Highly parallelized workloads like machine learning training, inferences and general HPC tasks are greatly accelerated using GPU devices. In a cloud computing cluster, serving a GPU's computation power through multi-tasks sharing is highly demanded since there are always more task requests than the number of GPU available. Existing GPU sharing solutions focus on reducing task-level waiting time or task-level switching costs when multiple jobs competing for a single GPU. Non-stopped computation requests come with different priorities, having non-symmetric impact on QoS for sharing a GPU device. Existing work missed the kernel-level optimization opportunity brought by this setting.
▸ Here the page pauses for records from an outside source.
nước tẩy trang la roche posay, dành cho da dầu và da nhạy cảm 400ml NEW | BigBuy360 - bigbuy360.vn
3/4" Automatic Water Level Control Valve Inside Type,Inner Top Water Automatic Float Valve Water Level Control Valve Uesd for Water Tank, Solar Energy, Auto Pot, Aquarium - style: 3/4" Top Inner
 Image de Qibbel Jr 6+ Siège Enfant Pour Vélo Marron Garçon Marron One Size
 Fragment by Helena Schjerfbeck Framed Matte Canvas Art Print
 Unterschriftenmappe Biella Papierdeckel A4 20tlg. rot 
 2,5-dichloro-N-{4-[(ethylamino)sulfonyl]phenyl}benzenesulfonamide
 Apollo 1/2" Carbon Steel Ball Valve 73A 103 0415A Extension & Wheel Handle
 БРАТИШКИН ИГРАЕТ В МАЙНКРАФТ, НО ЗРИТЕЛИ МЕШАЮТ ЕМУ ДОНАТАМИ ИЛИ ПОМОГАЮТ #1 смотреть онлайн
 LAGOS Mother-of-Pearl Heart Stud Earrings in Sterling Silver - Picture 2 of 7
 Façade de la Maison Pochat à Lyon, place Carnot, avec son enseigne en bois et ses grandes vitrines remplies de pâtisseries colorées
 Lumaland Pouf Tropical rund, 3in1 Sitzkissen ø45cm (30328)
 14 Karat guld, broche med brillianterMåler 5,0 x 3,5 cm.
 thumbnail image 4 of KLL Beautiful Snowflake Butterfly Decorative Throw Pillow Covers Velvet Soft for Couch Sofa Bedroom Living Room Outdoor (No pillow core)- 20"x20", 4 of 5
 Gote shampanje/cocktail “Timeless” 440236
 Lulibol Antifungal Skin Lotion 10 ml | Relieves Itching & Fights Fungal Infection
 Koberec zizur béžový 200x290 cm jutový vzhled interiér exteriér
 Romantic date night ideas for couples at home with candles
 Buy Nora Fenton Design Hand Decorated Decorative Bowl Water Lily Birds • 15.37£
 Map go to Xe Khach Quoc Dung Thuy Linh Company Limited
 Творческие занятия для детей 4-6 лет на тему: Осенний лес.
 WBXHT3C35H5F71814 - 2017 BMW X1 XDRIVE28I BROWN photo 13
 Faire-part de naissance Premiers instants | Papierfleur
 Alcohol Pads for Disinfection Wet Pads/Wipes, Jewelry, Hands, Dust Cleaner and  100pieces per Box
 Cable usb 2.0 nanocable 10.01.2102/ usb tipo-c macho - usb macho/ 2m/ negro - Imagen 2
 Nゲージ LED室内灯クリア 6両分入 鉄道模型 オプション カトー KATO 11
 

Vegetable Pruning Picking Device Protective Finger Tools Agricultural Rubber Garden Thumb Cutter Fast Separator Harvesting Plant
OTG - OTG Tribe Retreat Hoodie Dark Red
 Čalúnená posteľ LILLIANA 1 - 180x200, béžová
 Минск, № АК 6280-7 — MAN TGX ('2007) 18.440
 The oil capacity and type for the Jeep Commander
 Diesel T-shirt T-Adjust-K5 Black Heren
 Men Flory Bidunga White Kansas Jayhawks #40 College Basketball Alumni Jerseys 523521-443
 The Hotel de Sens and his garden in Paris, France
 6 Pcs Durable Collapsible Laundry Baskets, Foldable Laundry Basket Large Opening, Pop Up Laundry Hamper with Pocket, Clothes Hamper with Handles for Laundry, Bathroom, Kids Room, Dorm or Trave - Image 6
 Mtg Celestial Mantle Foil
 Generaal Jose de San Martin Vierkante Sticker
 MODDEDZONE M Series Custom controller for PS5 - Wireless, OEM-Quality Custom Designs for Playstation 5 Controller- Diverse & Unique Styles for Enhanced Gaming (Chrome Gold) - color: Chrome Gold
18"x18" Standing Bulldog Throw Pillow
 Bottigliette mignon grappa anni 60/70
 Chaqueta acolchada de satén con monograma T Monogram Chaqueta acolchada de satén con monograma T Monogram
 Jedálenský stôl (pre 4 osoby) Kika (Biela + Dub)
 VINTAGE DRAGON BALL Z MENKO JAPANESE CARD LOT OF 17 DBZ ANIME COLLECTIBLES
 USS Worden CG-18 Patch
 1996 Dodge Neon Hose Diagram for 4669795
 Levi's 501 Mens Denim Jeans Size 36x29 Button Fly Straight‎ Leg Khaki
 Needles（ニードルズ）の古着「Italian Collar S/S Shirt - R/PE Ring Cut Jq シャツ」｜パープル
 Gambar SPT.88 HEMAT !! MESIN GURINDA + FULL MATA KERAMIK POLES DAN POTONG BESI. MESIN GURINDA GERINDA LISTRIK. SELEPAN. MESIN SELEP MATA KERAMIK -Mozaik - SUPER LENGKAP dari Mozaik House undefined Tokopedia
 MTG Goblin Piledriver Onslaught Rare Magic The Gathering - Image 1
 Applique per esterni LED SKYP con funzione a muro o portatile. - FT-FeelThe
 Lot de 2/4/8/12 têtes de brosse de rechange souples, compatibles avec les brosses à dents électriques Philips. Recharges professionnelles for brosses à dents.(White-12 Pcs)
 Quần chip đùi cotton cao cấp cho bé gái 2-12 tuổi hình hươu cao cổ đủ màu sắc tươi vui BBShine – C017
To address this problem, we present a novel kernel-level scheduling strategy called FIKIT: Filling Inter-kernel Idle Time. FIKIT incorporates task-level priority information, fine-grained kernel identification, and kernel measurement, allowing low priorities task's execution during high priority task's inter-kernel idle time. Thereby, filling the GPU's device runtime fully, and reduce overall GPU sharing impact to cloud services. Across a set of ML models, the FIKIT based inference system accelerated high priority tasks by 1.32 to 16.41 times compared to the JCT in GPU sharing mode, and more than half of the cases are accelerated by more than 3.4 times. Alternatively, under preemptive sharing, the low-priority tasks have a comparable to default GPU sharing mode JCT, with a 0.86 to 1 times ratio. We further limit the kernel measurement and runtime fine-grained kernel scheduling overhead to less than 5%.

翻译：高度并行的计算负载（如机器学习训练、推理及通用高性能计算任务）在GPU设备上得到了显著加速。在云计算集群中，由于任务请求数量通常超过可用GPU数量，通过多任务共享提供GPU算力的需求十分迫切。现有GPU共享方案主要关注多任务竞争单个GPU时减少任务级等待时间或任务级切换开销。不同优先级的持续性计算请求对GPU设备共享的QoS具有非对称影响，而现有工作忽视了该场景带来的内核级优化机遇。针对该问题，我们提出新型内核级调度策略FIKIT（内核间空闲时间填充）。FIKIT融合任务级优先级信息、细粒度内核识别与内核测量技术，允许低优先级任务在高优先级任务的内核间空闲时段执行，从而充分填充GPU设备运行时隙，降低GPU共享对云服务的整体影响。在多个ML模型测试中，基于FIKIT的推理系统相比GPU共享模式的JCT加速高优先级任务1.32~16.41倍，其中超过半数场景加速比达3.4倍以上；在抢占式共享模式下，低优先级任务的JCT与默认GPU共享模式相当（比值0.86~1）。此外，我们将内核测量与运行时细粒度内核调度开销控制在5%以内。